The input:
-- Opening Marker --
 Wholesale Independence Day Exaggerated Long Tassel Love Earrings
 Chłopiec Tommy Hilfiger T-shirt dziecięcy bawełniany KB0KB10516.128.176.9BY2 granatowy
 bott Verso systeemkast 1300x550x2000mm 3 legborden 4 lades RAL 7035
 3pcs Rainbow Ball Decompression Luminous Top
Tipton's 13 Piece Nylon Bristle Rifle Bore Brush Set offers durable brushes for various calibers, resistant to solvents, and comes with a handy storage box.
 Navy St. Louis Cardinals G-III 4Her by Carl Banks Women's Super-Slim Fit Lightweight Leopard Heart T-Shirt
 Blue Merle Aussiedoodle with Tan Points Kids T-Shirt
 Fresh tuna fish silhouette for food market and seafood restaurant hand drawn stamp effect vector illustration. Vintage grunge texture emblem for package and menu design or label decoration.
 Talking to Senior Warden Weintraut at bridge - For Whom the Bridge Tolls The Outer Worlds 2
-- Closing Marker --
-- Opening Marker --
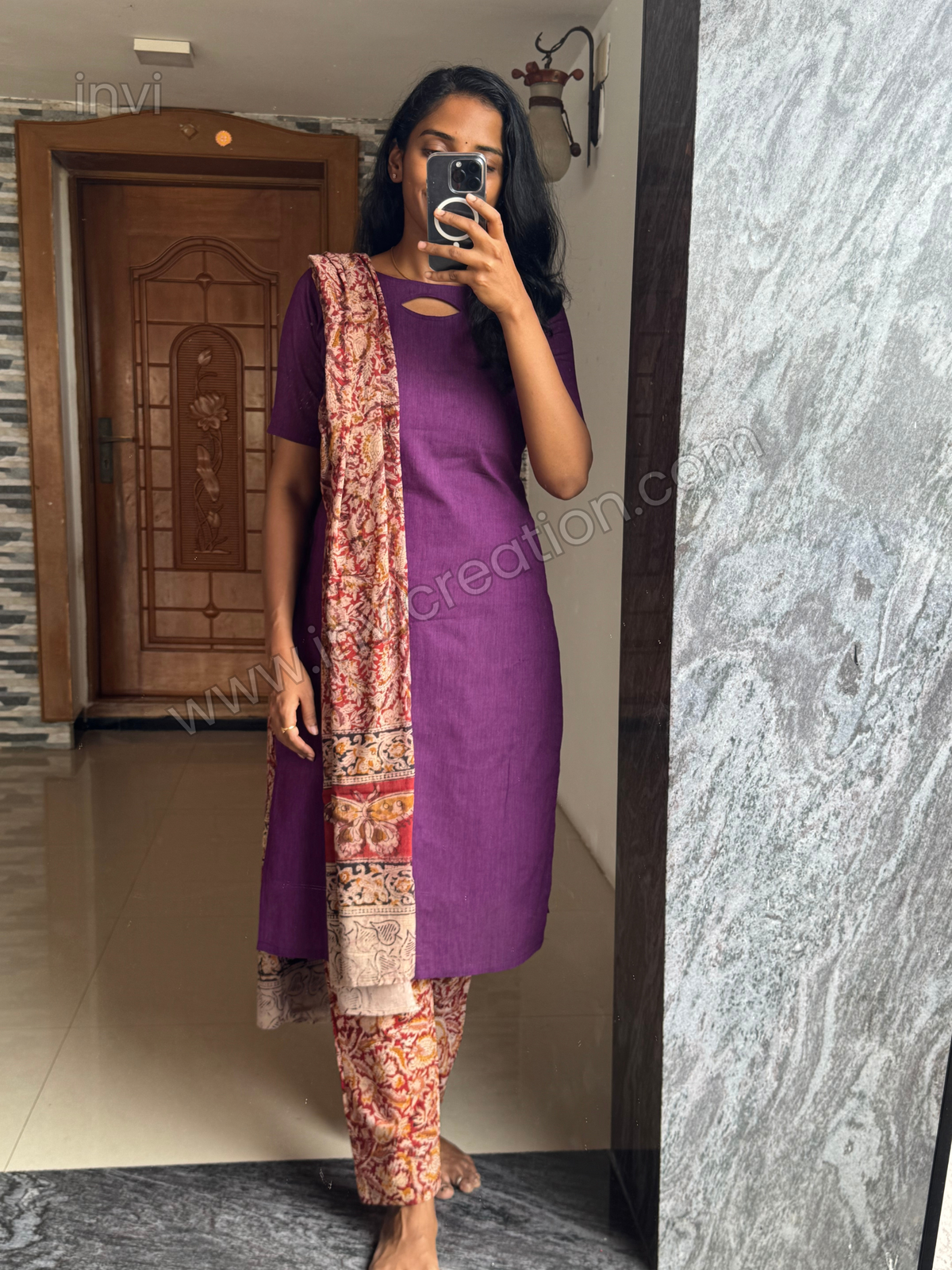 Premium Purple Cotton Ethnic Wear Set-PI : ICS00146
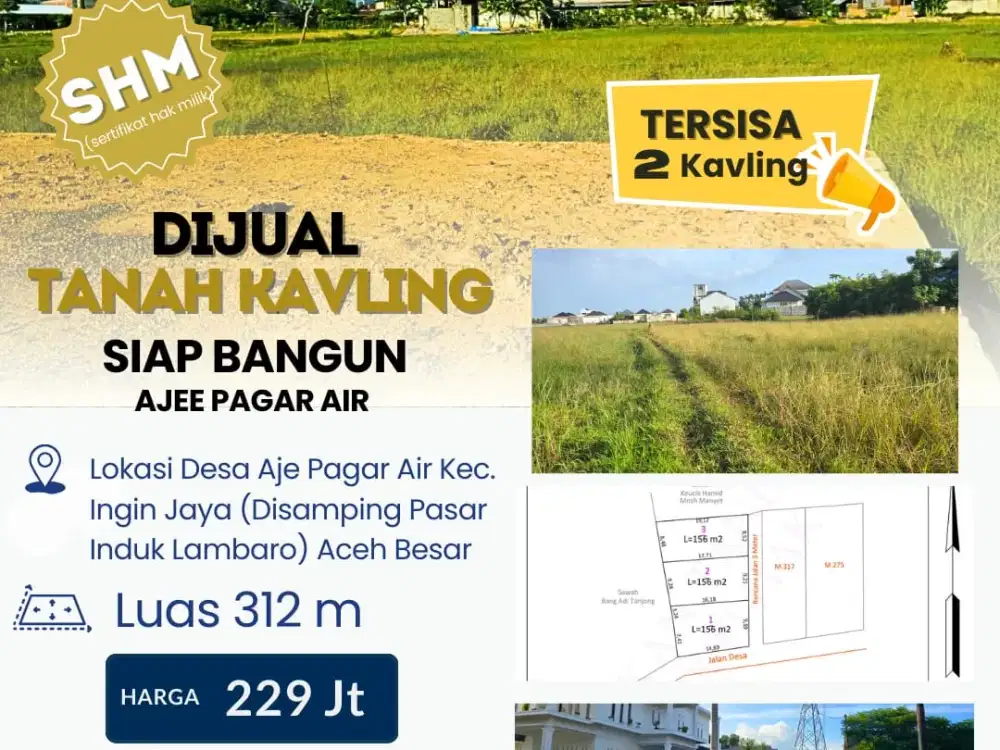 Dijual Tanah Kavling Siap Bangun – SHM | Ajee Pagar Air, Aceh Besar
-- Closing Marker --
When you reach the line with "Premium Purple Cotton" in the records above, begin repeating the lines exactly, and stop after the line with "Dijual Tanah Kavling". Skip all pictures.

Answer to the problem:
 Premium Purple Cotton Ethnic Wear Set-PI : ICS00146
 Dijual Tanah Kavling Siap Bangun – SHM | Ajee Pagar Air, Aceh Besar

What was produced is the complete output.